Problem description – A complete answer retypes each of the records below precisely and includes none of the pictures.

[[ Information open ]]

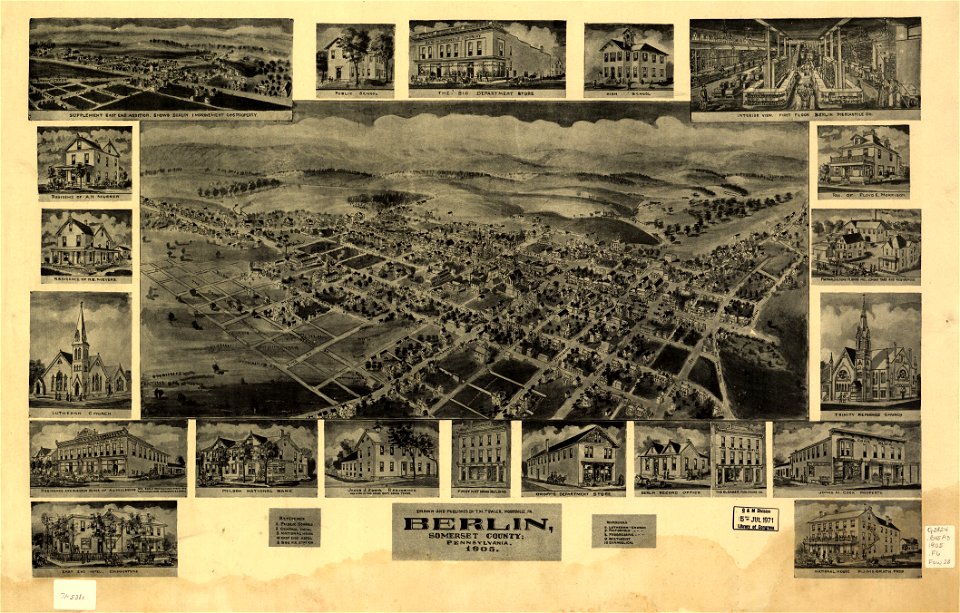 Berlin, Somerset County, Pennsylvania 1905 LOC gm71005380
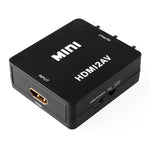 VK-126 ミニHD HDMIからAV/CVBSビデオコンバーターアダプター、HDMIからAV/CVBS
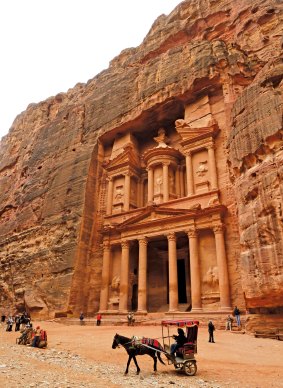 The size of the Treasury at Petra is impressive but it is the detail of the carving that overwhelms.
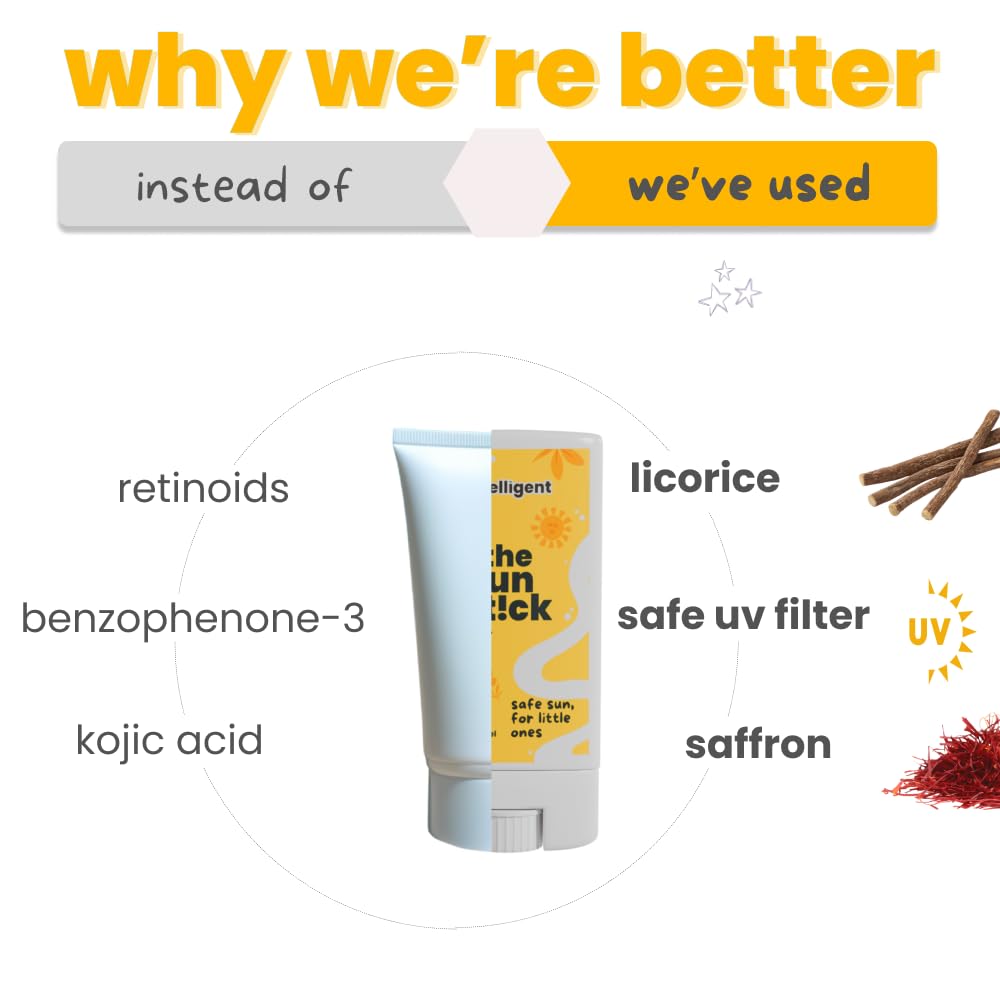 Stick Solare Tuco® Kids con SPF 50| UVA/UVB PA++++ | Ampio Spettro | Età 2-5, 5-10, 10-15 | 14 g-Confezione da 2 |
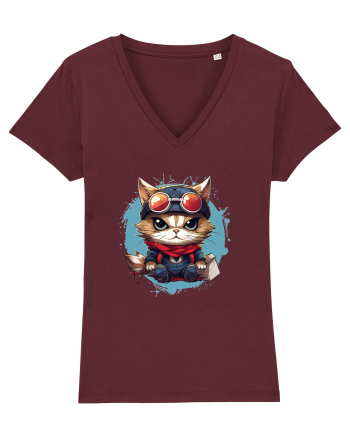Christmas cat Burgundy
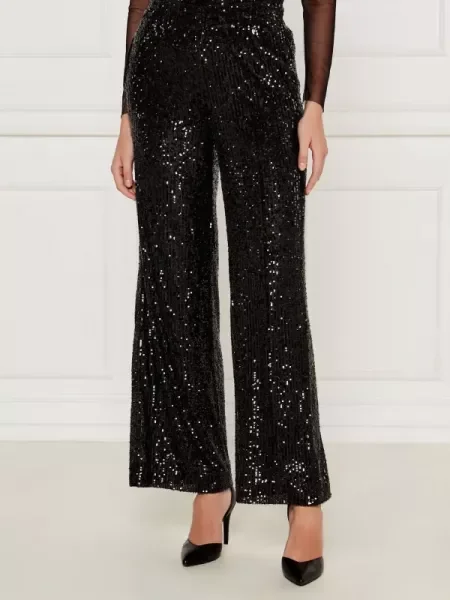 Marc Cain Nadrág | flare fit fekete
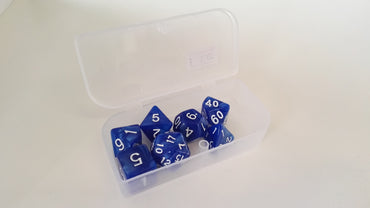 Trade Dice: Dungeons and Dragons Set- Blue Mixture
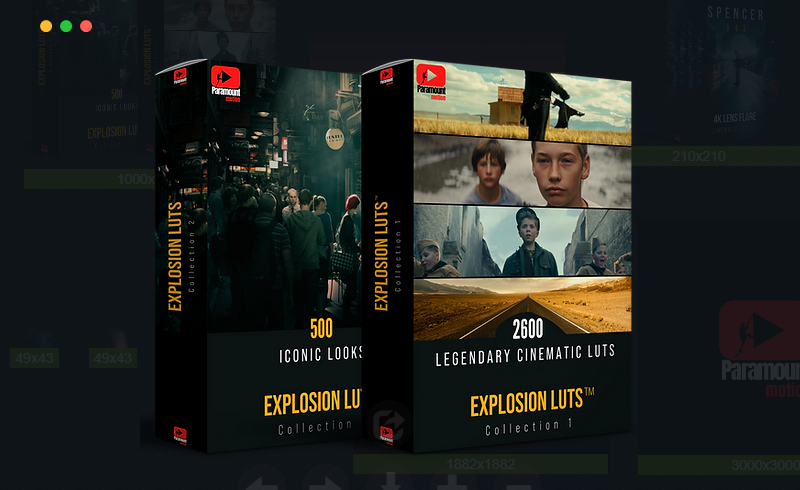 【LUT】3100个电影LUT系列 EXPLOSION Cinematic LUTs Collection 1&2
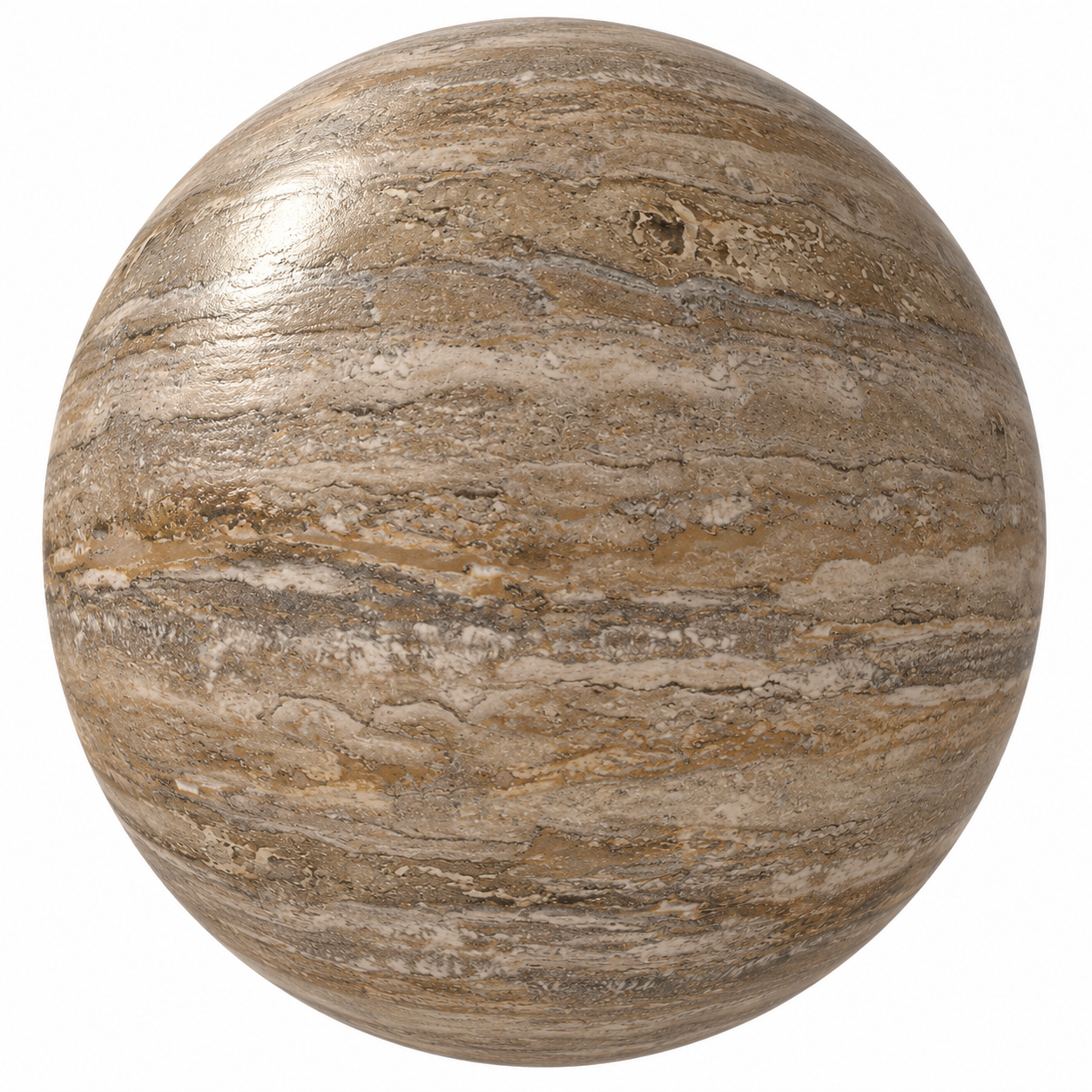 Warm Taupe Brown Layered Horizontal Travertine Texture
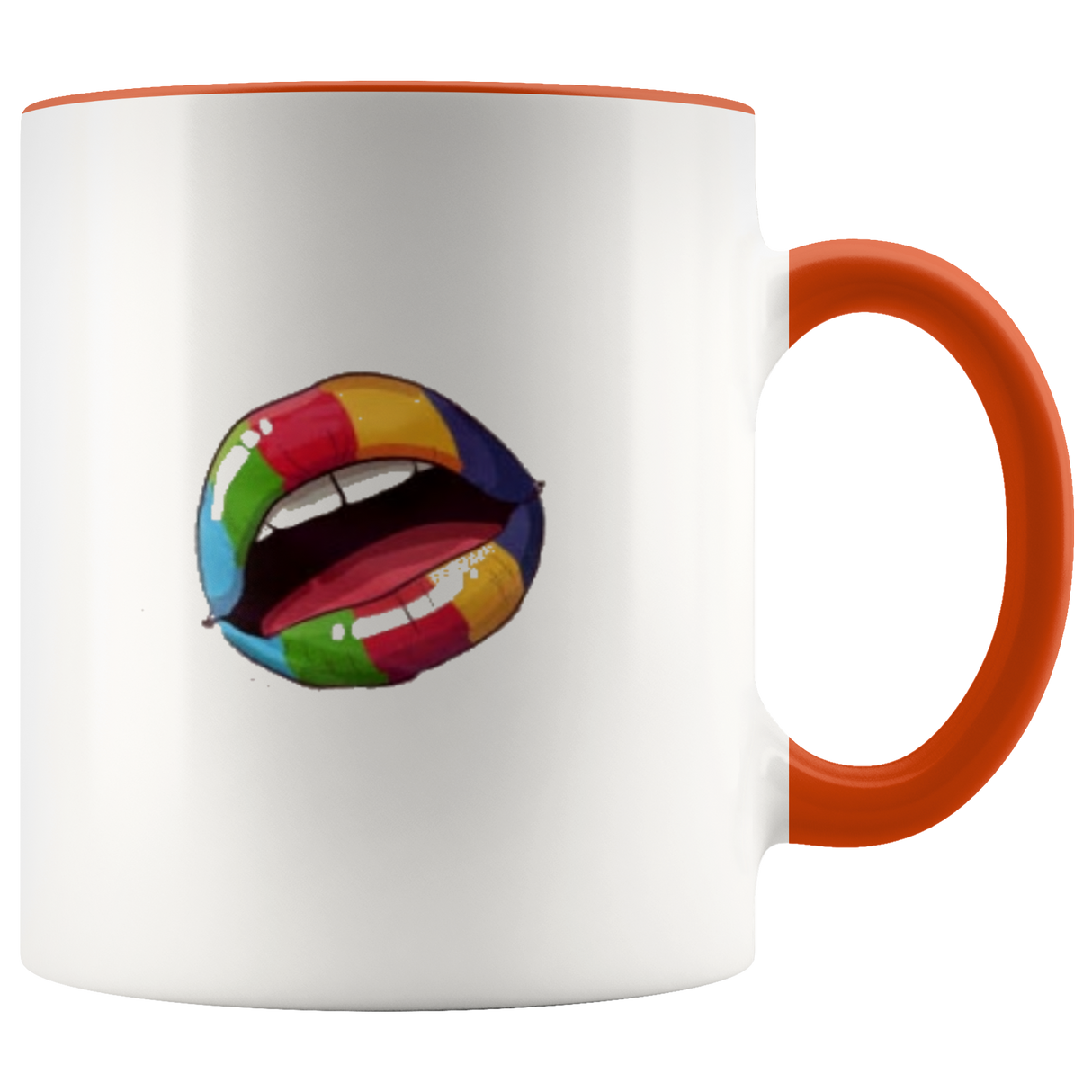 Rainbow  Lips Coffee Mug - Shop Sassy Chick
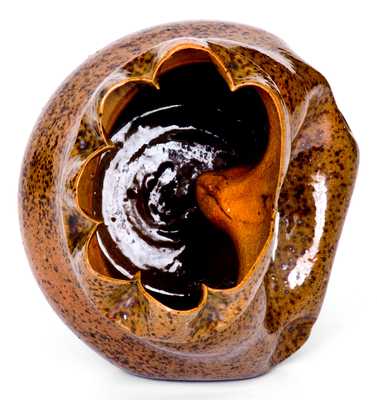 Fine George Ohr Vase with Crumpled Form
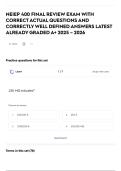 NEIEP 400 FINAL REVIEW EXAM WITH CORRECT ACTUAL QUESTIONS AND CORRECTLY WELL DEFINED ANSWERS LATEST ALREADY GRADED A&plus; 2025 &ndash; 2026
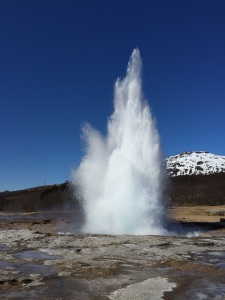 Aktiver Geysir auf Island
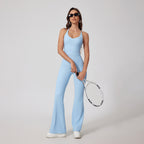 Tight Yoga Hip Lifting Sport Fitness Jumpsuit by Pear Girly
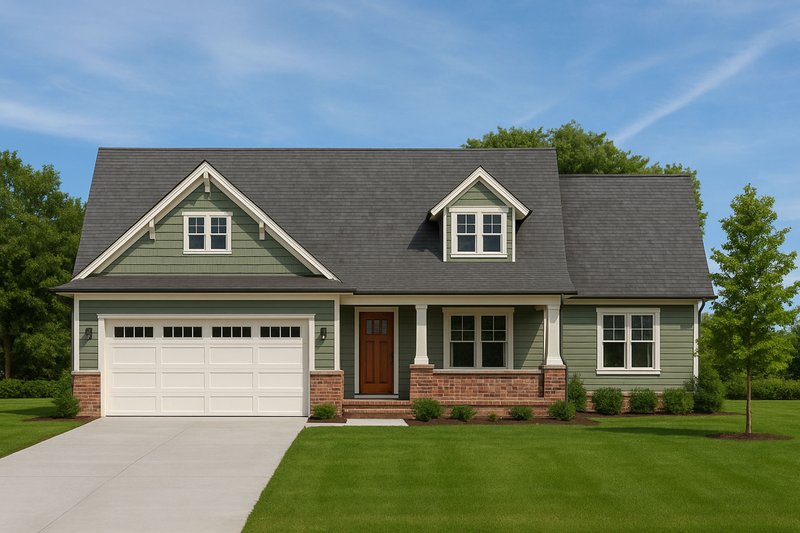Bungalow Style House Plan - 3 Beds 3 Baths 1820 Sq/Ft Plan #20-1756 Exterior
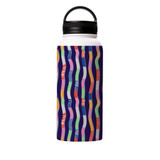 Abstract Ribbons Pattern Water Bottle By Artists Collection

[[ Information closed ]]

Answer –
 Berlin, Somerset County, Pennsylvania 1905 LOC gm71005380
 VK-126 ミニHD HDMIからAV/CVBSビデオコンバーターアダプター、HDMIからAV/CVBS
 The size of the Treasury at Petra is impressive but it is the detail of the carving that overwhelms.
 Stick Solare Tuco® Kids con SPF 50| UVA/UVB PA++++ | Ampio Spettro | Età 2-5, 5-10, 10-15 | 14 g-Confezione da 2 |
Christmas cat Burgundy
 Marc Cain Nadrág | flare fit fekete
 Trade Dice: Dungeons and Dragons Set- Blue Mixture
 【LUT】3100个电影LUT系列 EXPLOSION Cinematic LUTs Collection 1&2
 Warm Taupe Brown Layered Horizontal Travertine Texture
 Rainbow  Lips Coffee Mug - Shop Sassy Chick
 Fine George Ohr Vase with Crumpled Form
 NEIEP 400 FINAL REVIEW EXAM WITH CORRECT ACTUAL QUESTIONS AND CORRECTLY WELL DEFINED ANSWERS LATEST ALREADY GRADED A&plus; 2025 &ndash; 2026
 Aktiver Geysir auf Island
 Tight Yoga Hip Lifting Sport Fitness Jumpsuit by Pear Girly
Bungalow Style House Plan - 3 Beds 3 Baths 1820 Sq/Ft Plan #20-1756 Exterior
 Abstract Ribbons Pattern Water Bottle By Artists Collection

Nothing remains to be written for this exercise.